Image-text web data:
──────────────────────────────

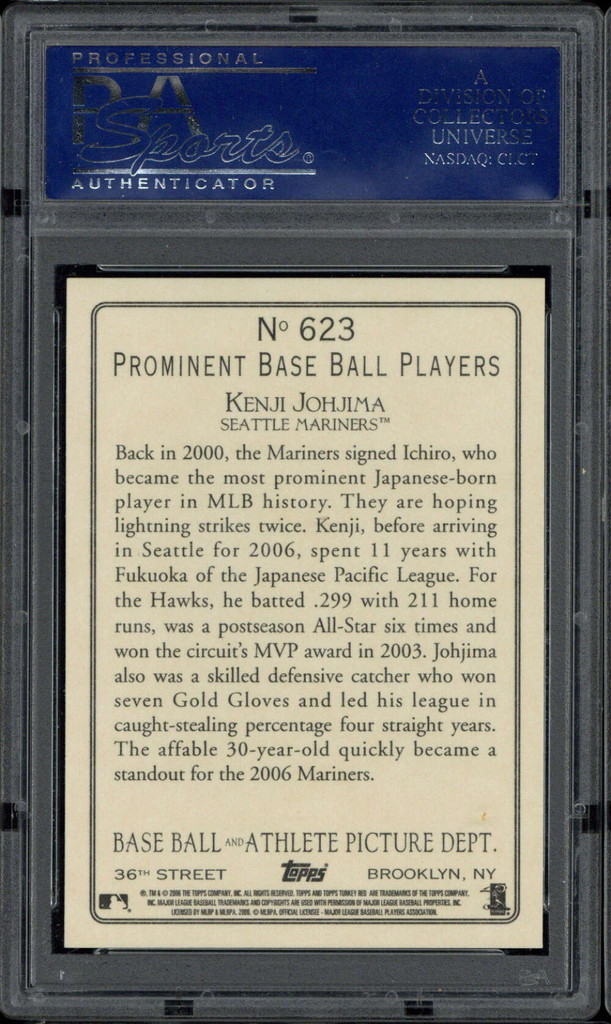 2006 Topps Turkey Red #623 Kenji Johjima Mariners PSA 10 GEM MINT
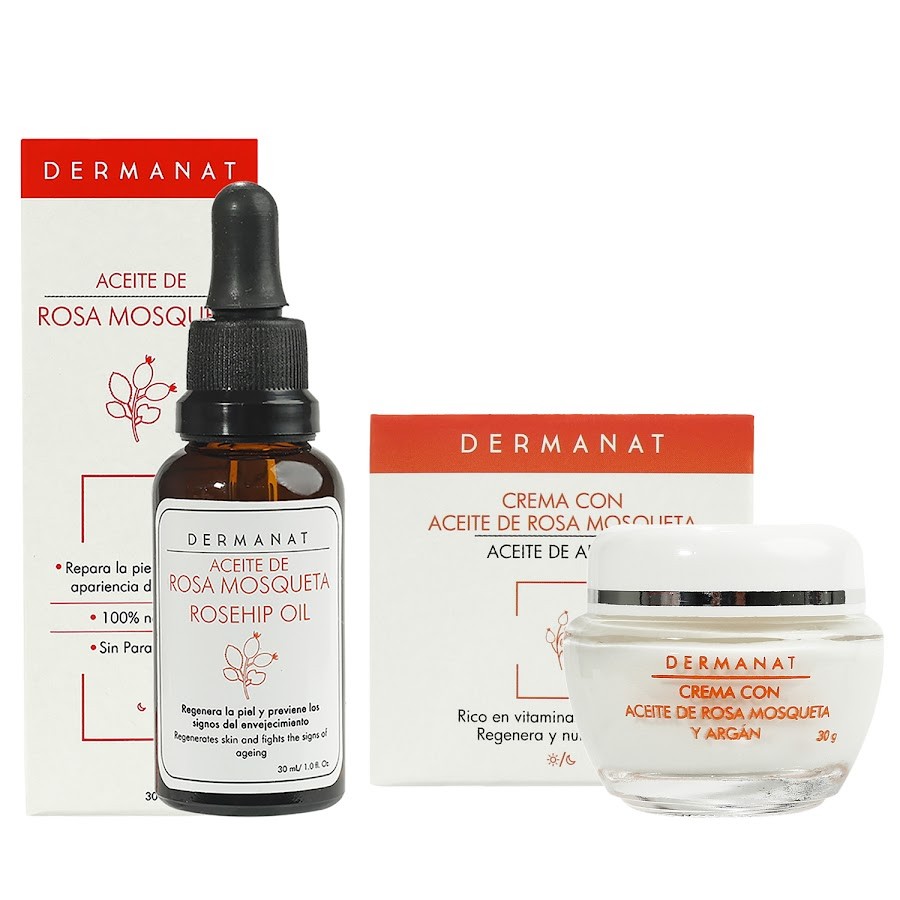 Kit Dermanat Aceite de Rosa Mosqueta x 30ml + Crema de Rosa Mosqueta x 30gr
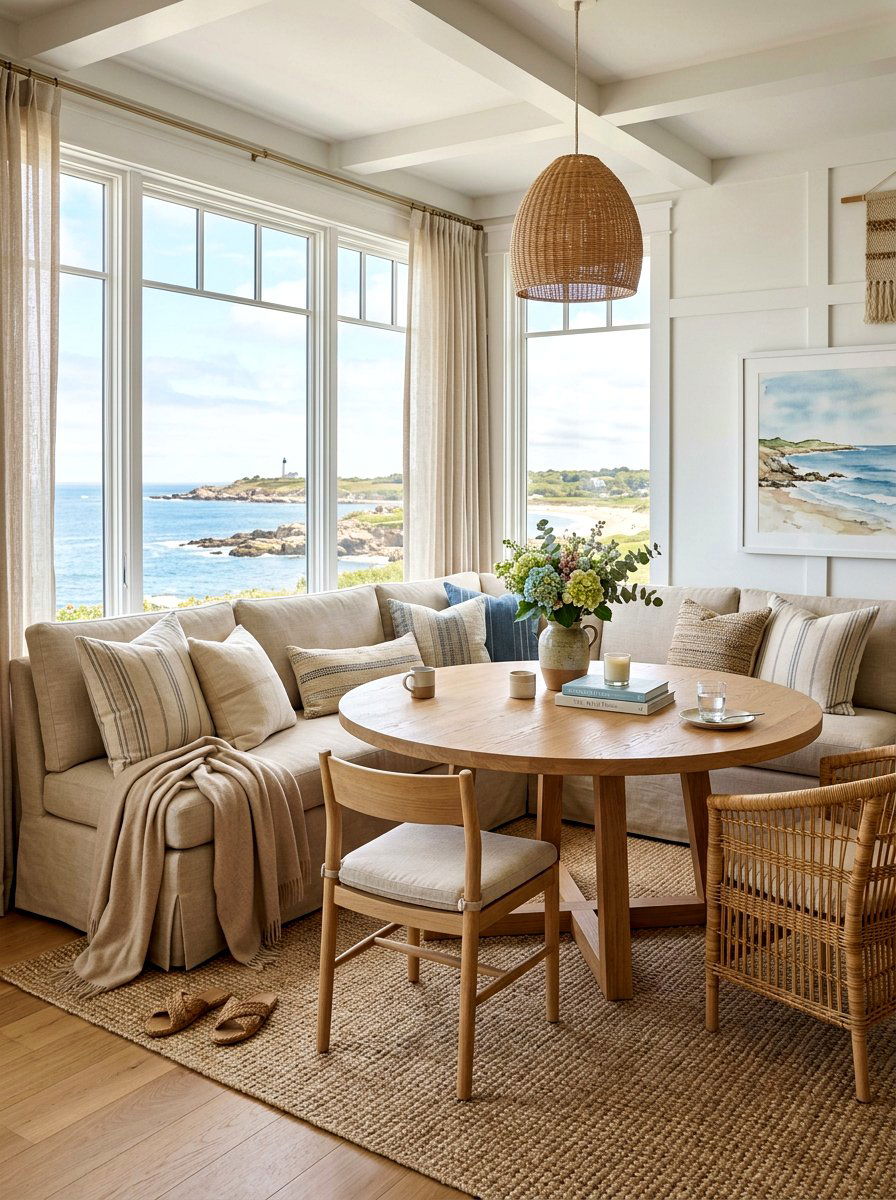 Coastal Grandma Linen Area - 30 Nancy Meyers breakfast nook ideas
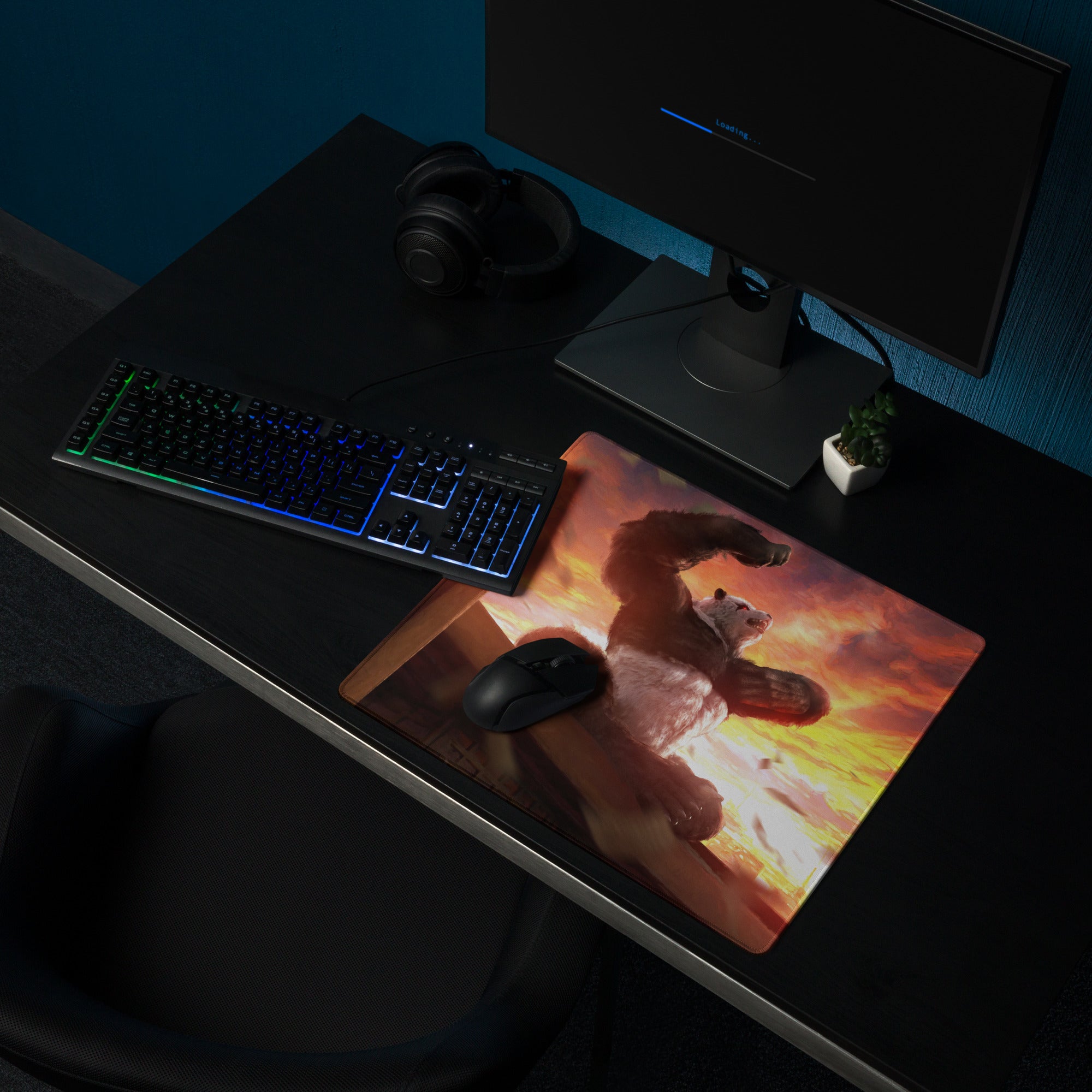 Giant Monster Battle Mouse Pad Orange Purple Sunset For Gaming Desk Setup Epic Cinematic Digital Art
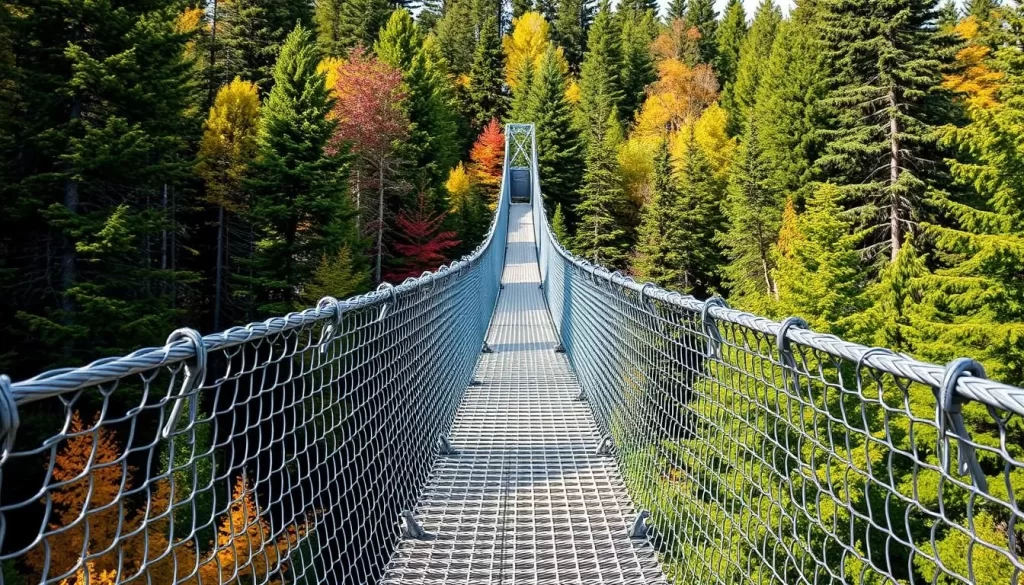 Generate an image of the Whiteshell River Suspension Bridge Trail in Manitoba, showcasing the suspension bridge and the surrounding forest.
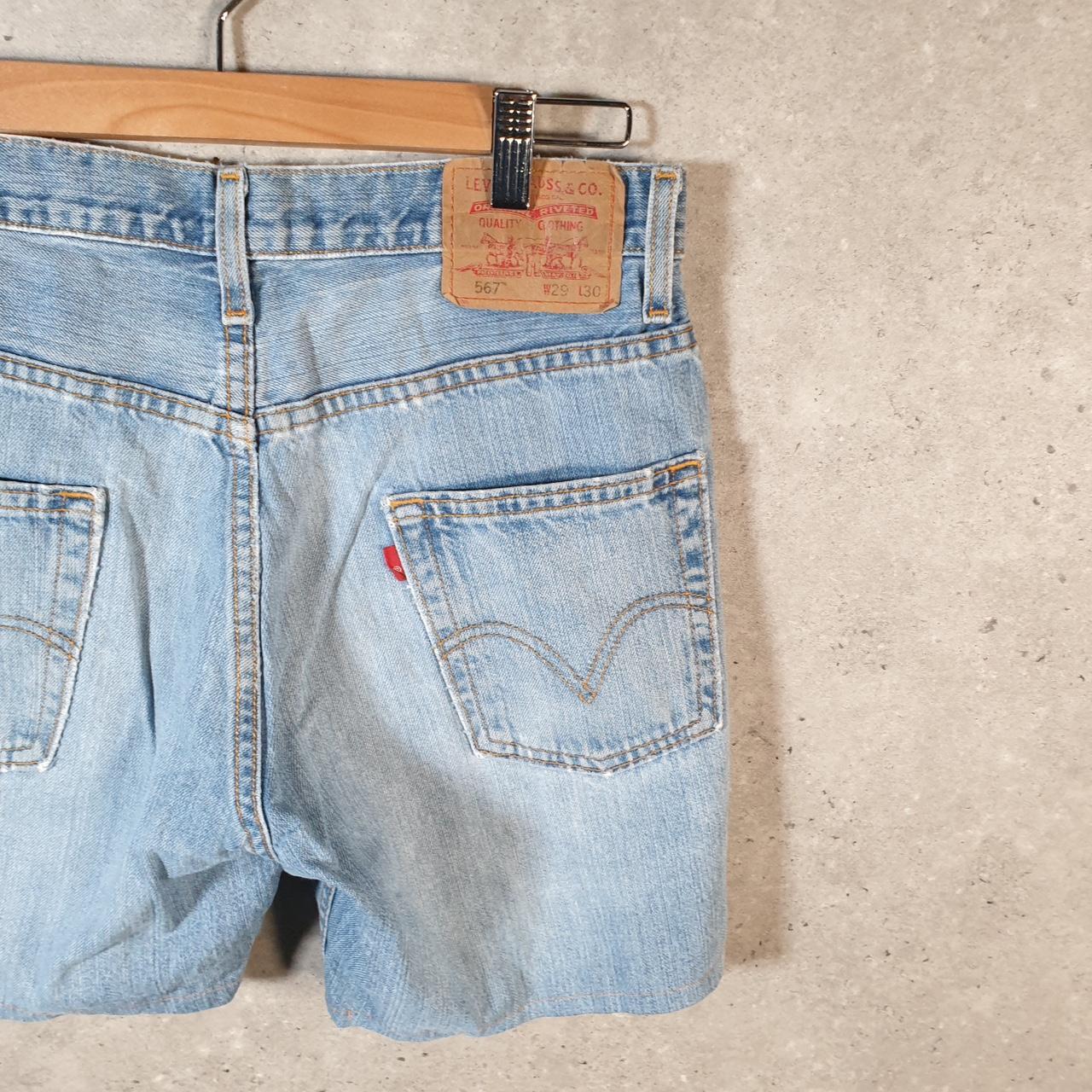 Vintage Levi’s 567 Baggy Shorts Jorts Cargo Mens W29 Blue Relaxed Denim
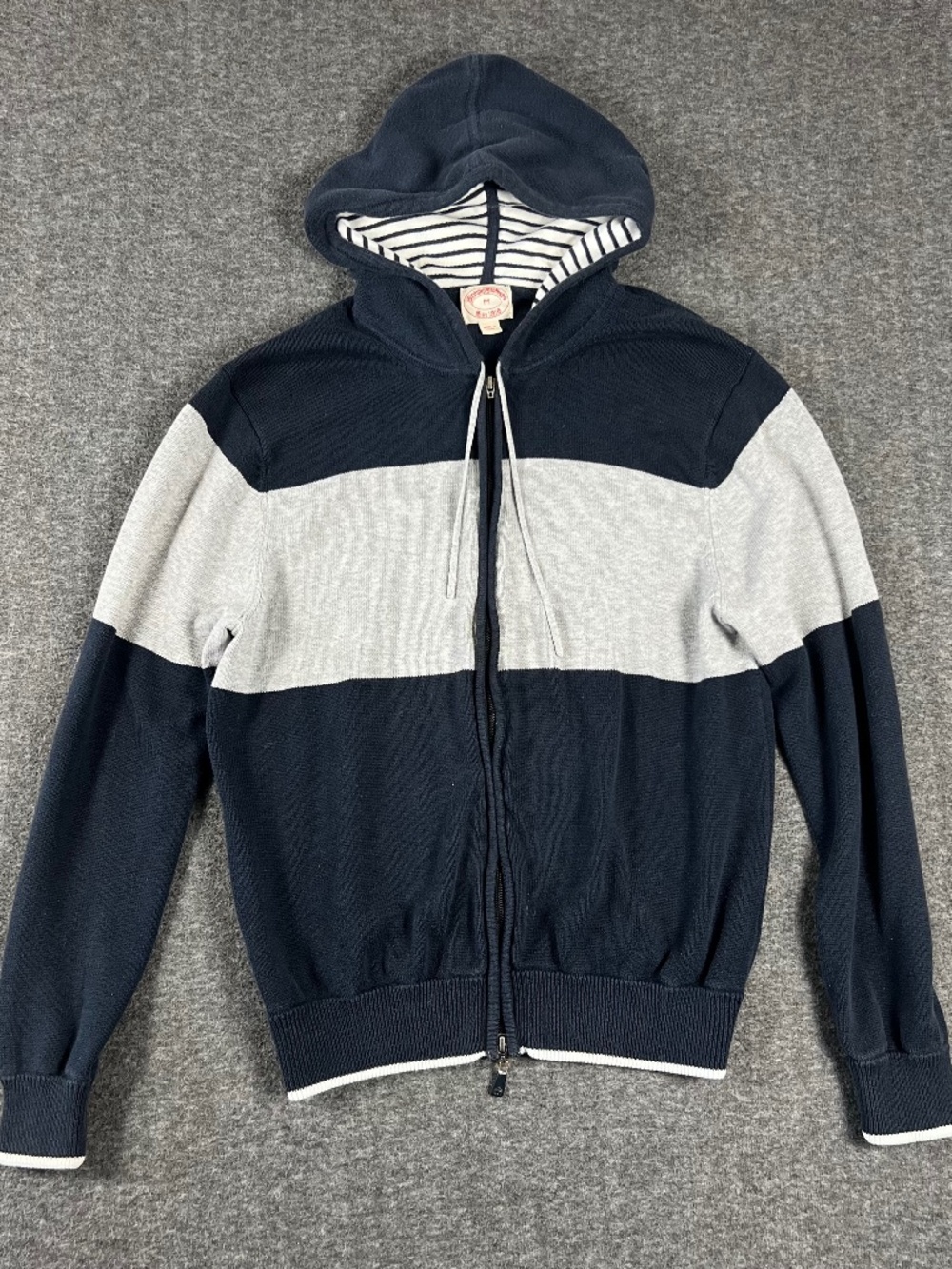 Vintage Brooks Brothers Supima Cotton Full Zip Hoodie Men's Medium Jersey Knit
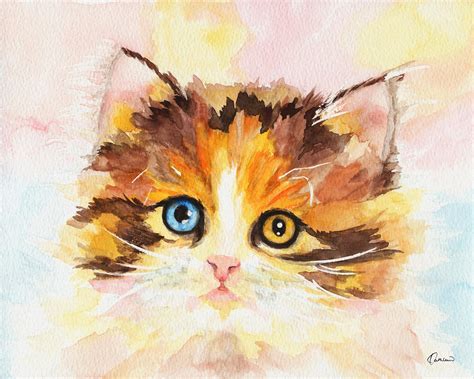 Watercolor Cat 12 Cute Kitten Painting By Kathleen Wong Pixels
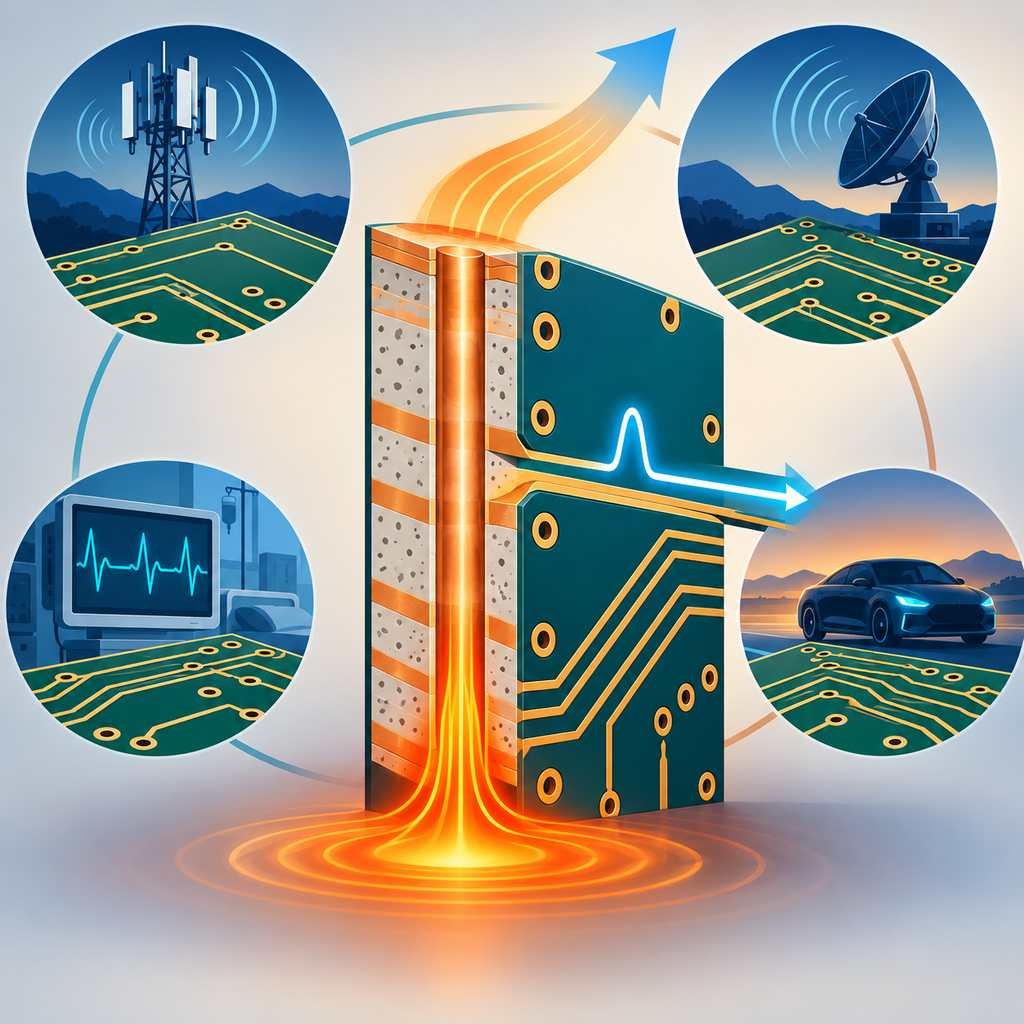 Rogers RT6035HTC laminate panel with a copper thermal via dissipating heat while carrying a high-frequency signal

──────────────────────────────

From the records above, extract the lines from the one holding "Kit Dermanat Aceite" through the one holding "Vintage Levi’s 567", word for word; omit the pictures.

Answer for the task:
 Kit Dermanat Aceite de Rosa Mosqueta x 30ml + Crema de Rosa Mosqueta x 30gr
 Coastal Grandma Linen Area - 30 Nancy Meyers breakfast nook ideas
 Giant Monster Battle Mouse Pad Orange Purple Sunset For Gaming Desk Setup Epic Cinematic Digital Art
 Generate an image of the Whiteshell River Suspension Bridge Trail in Manitoba, showcasing the suspension bridge and the surrounding forest.
 Vintage Levi’s 567 Baggy Shorts Jorts Cargo Mens W29 Blue Relaxed Denim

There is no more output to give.